● Task requirements
Only the text belongs in the copy: retype each record exactly as it appears.

● Data in this exercise

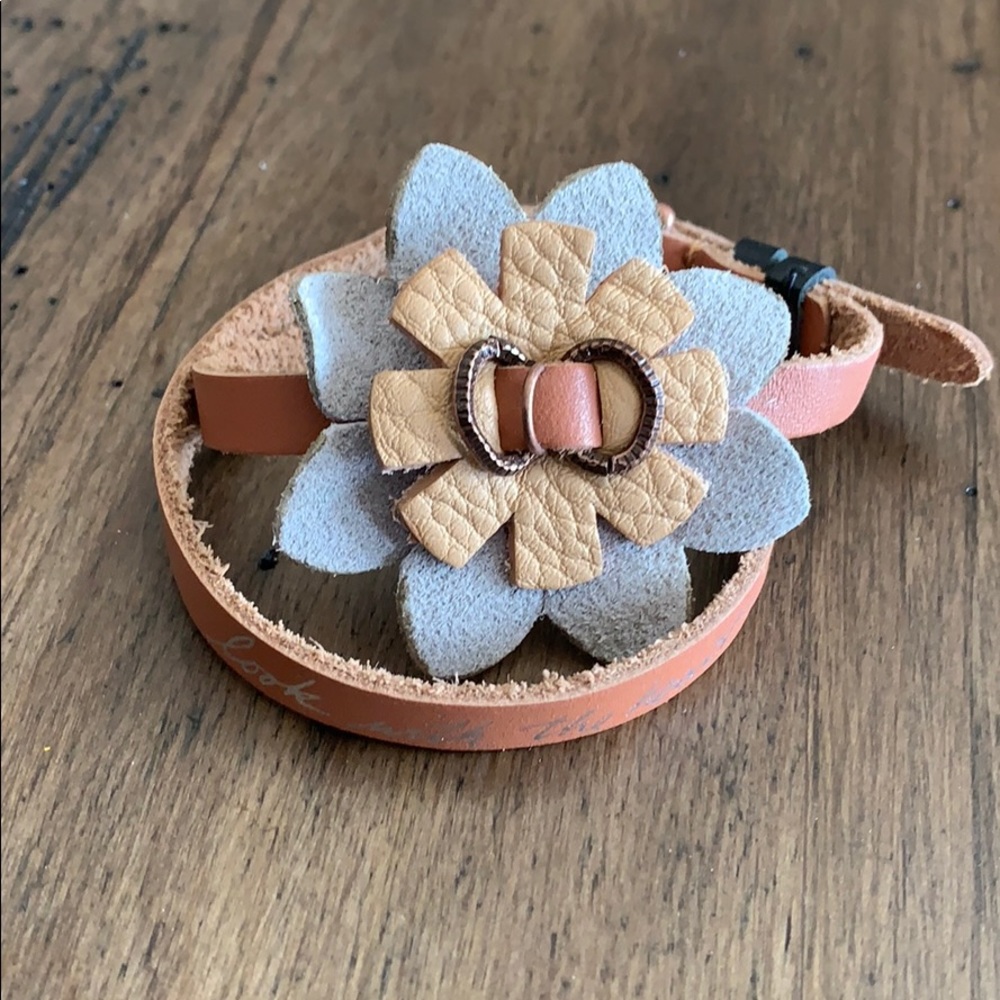Flowery 🌸 Leather Adjustable Bracelet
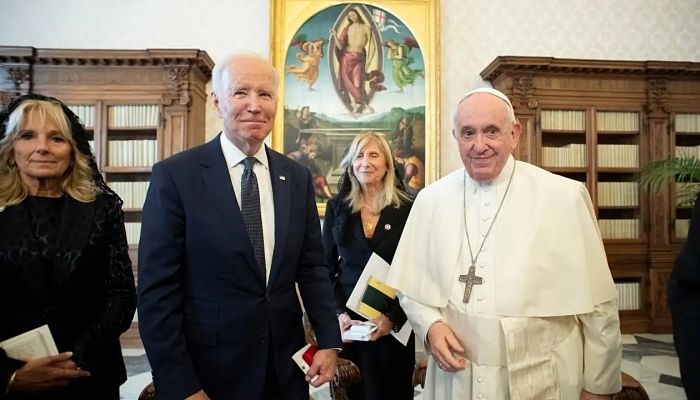 joe-biden-y-el-papa-francisco_opt
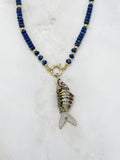 Lapislazuli Halskette mit vergoldeten Elementen und Fisch-Anhänger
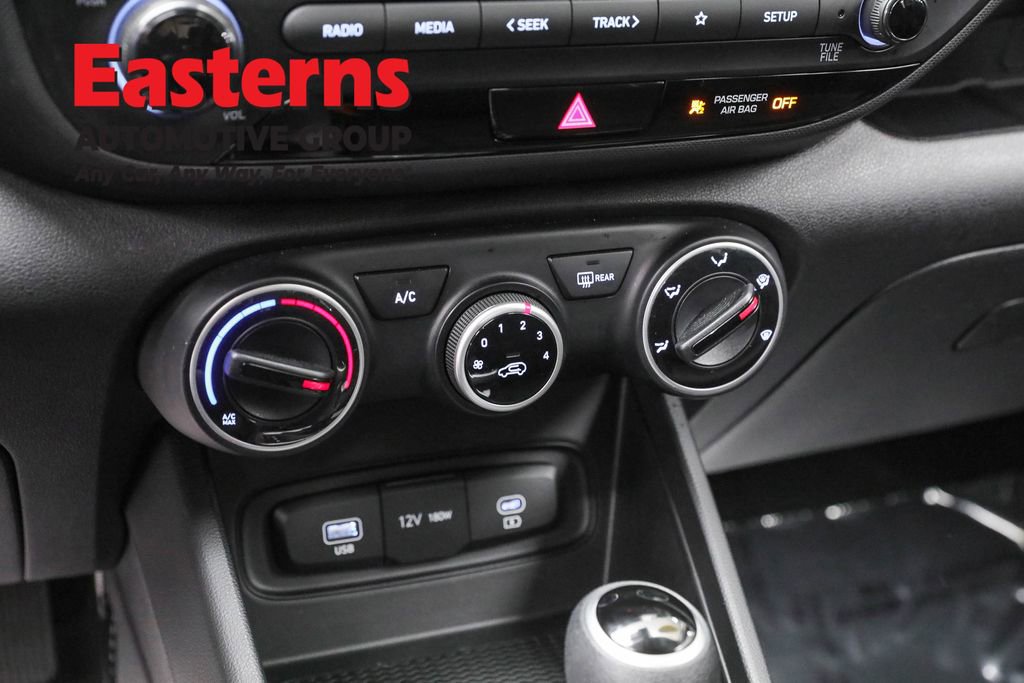 Used 2025 Hyundai Venue SE image 20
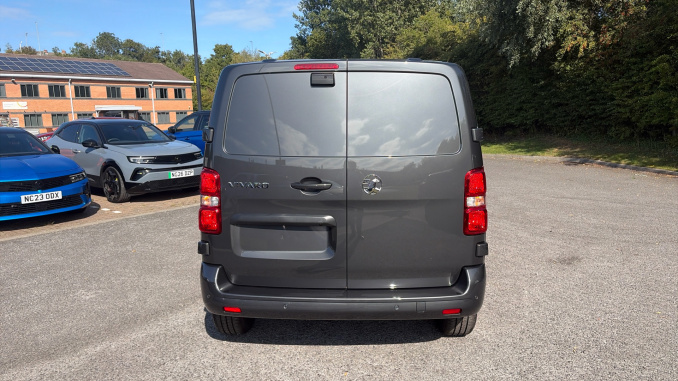 Vauxhall Vivaro L1 Diesel 1.5 Turbo D 120 Pro H1 Van - Image 11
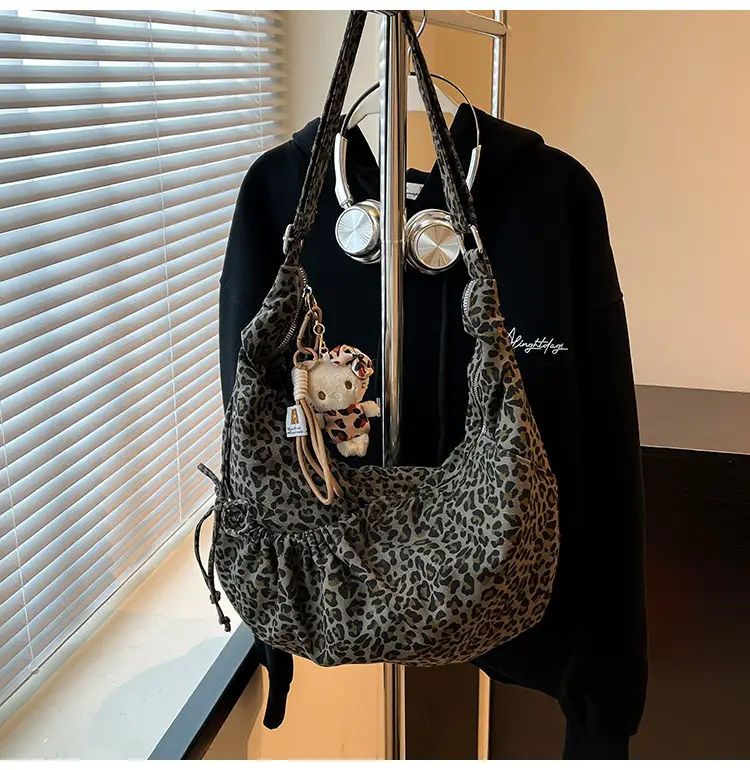 Retro Leopard Print Women's Tote Bag 2025 Spring New Commute — feature 29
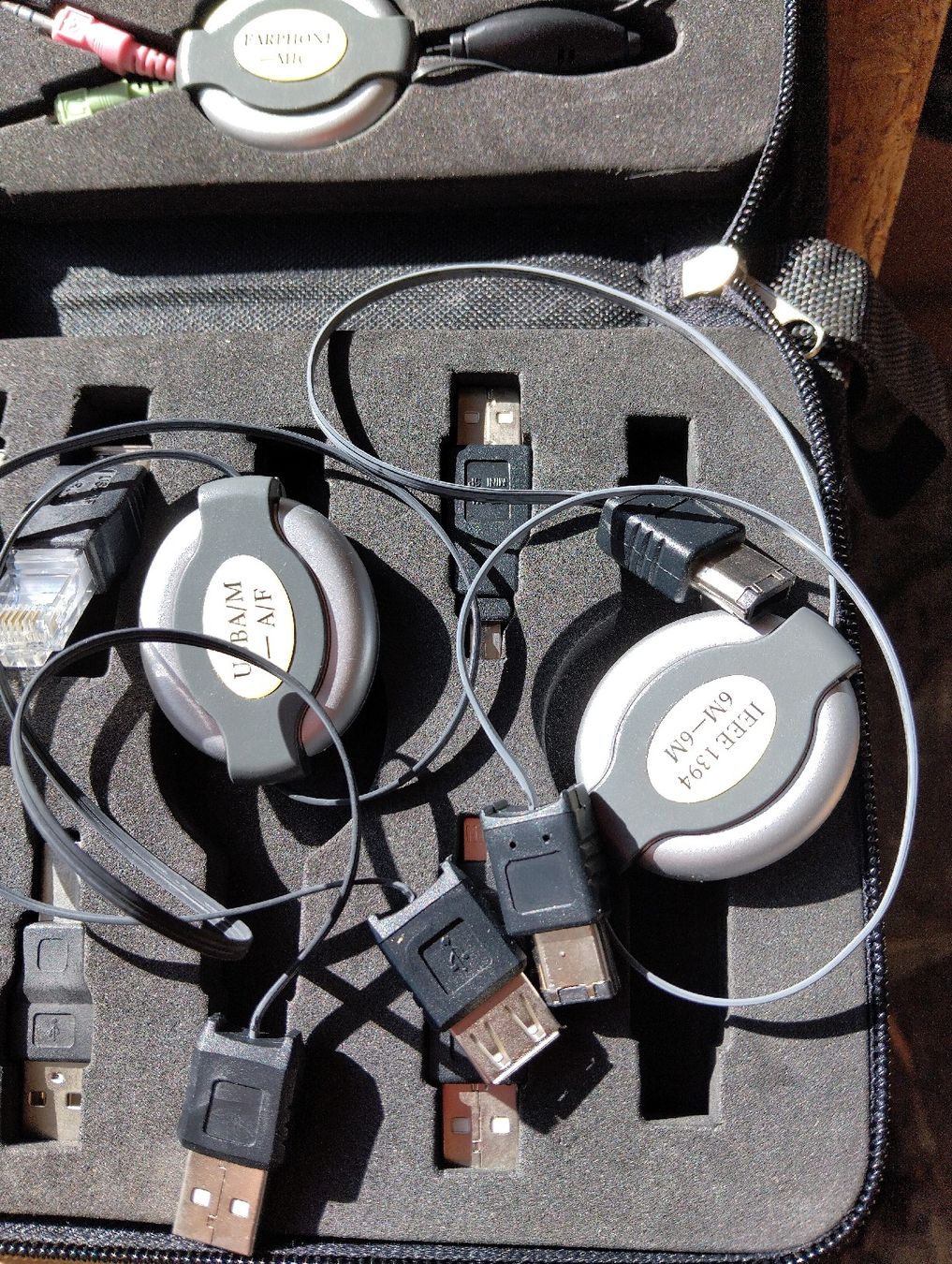 Hub & Switch: USB Hub mit Kabel und Adapter Set – Usato da Bremgarten AG venduto da danitm 2
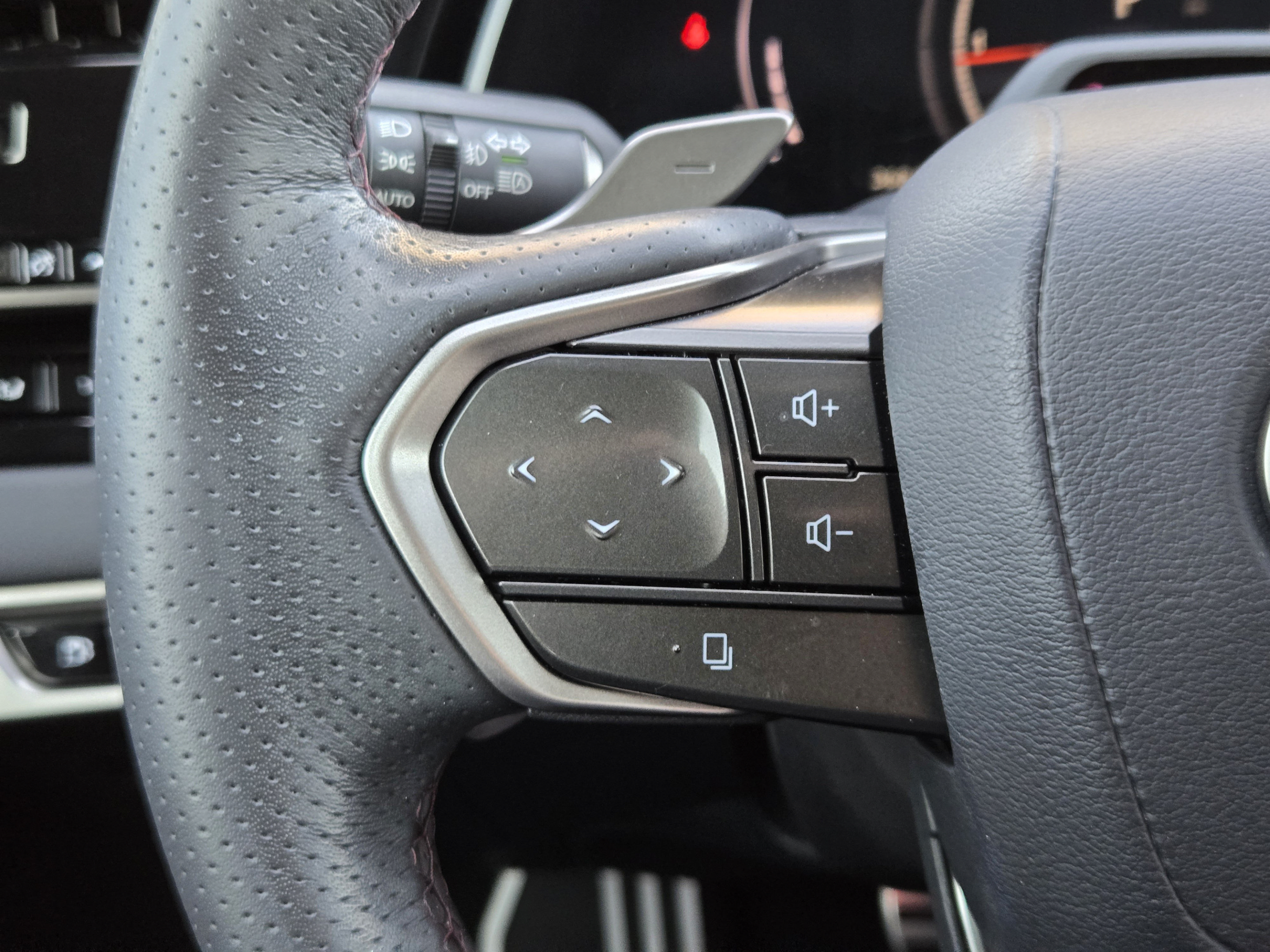 Used 2024 Lexus RX 350 F Sport w/ Convenience Package AWD/4WD image 24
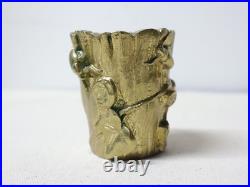 Ancien Tabac Pyrogène en bronze doré décor insectes et fleurs XIXe XXe siècle Ancien Tabac Pyrogène en bronze doré décor insectes et fleurs XIXe XXe siècle
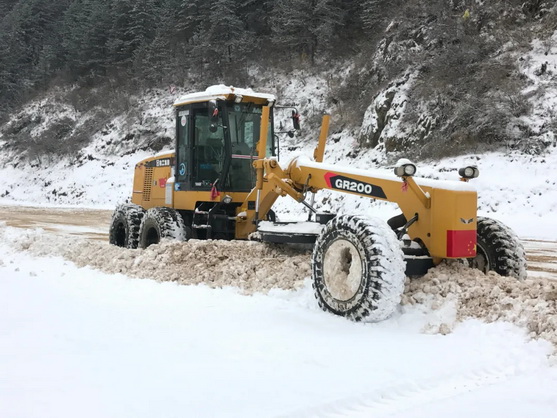 让球网平地机除雪
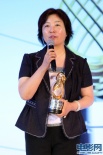 《秋之白华》获组委会特别奖 影片代表上台领奖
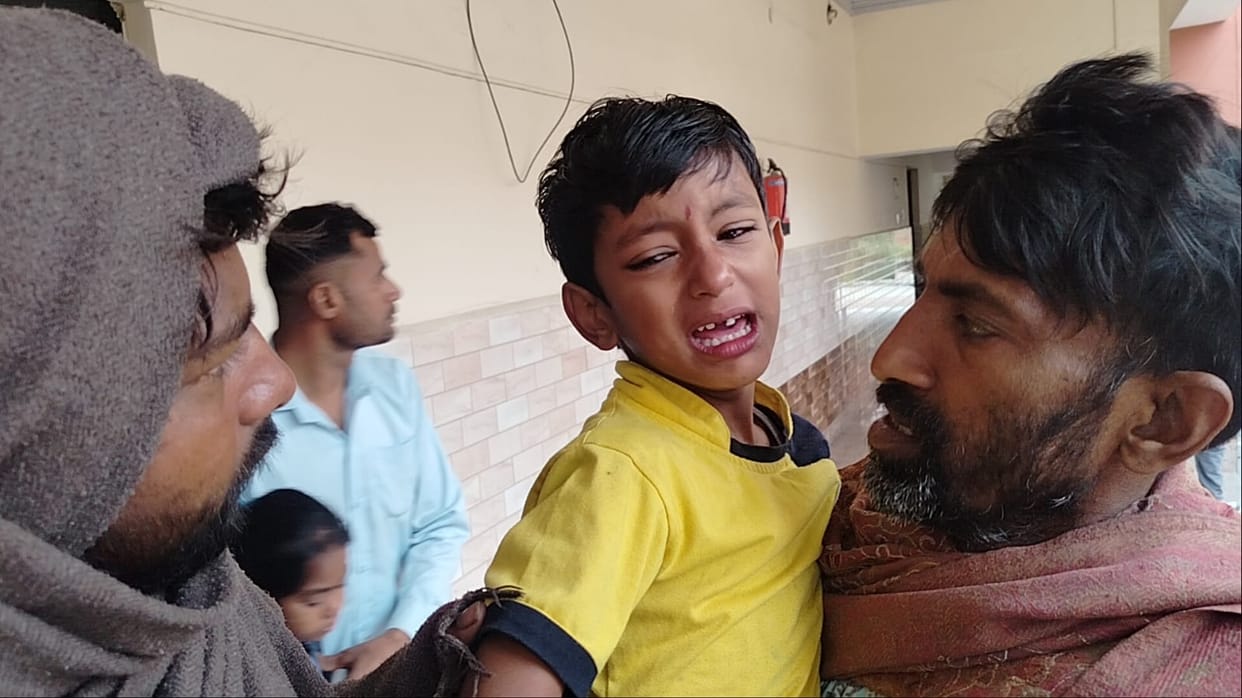 School Bus Carrying Dozens of Children Overturns Near Meerut, Locals Rescue Students as Driver Flees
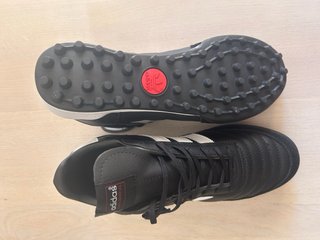 Zapatillas Adidas Negras y Blancas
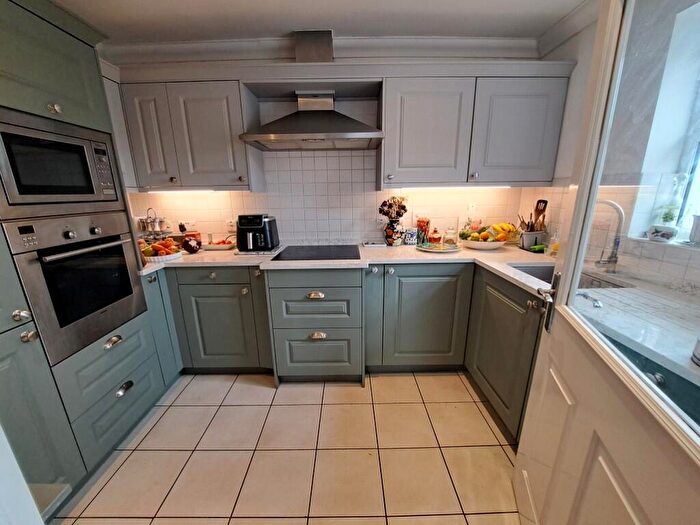 2 Bedroom Apartment For Sale In St. Annes Road, Upperton, Eastbourne, East Sussex, BN21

● Result of the exercise
Flowery 🌸 Leather Adjustable Bracelet
 joe-biden-y-el-papa-francisco_opt
 Lapislazuli Halskette mit vergoldeten Elementen und Fisch-Anhänger
 Used 2025 Hyundai Venue SE image 20
 Vauxhall Vivaro L1 Diesel 1.5 Turbo D 120 Pro H1 Van - Image 11
 Retro Leopard Print Women's Tote Bag 2025 Spring New Commute — feature 29
 Hub & Switch: USB Hub mit Kabel und Adapter Set – Usato da Bremgarten AG venduto da danitm 2
 Used 2024 Lexus RX 350 F Sport w/ Convenience Package AWD/4WD image 24
 Ancien Tabac Pyrogène en bronze doré décor insectes et fleurs XIXe XXe siècle Ancien Tabac Pyrogène en bronze doré décor insectes et fleurs XIXe XXe siècle
 让球网平地机除雪
 《秋之白华》获组委会特别奖 影片代表上台领奖
 School Bus Carrying Dozens of Children Overturns Near Meerut, Locals Rescue Students as Driver Flees
 Zapatillas Adidas Negras y Blancas
 2 Bedroom Apartment For Sale In St. Annes Road, Upperton, Eastbourne, East Sussex, BN21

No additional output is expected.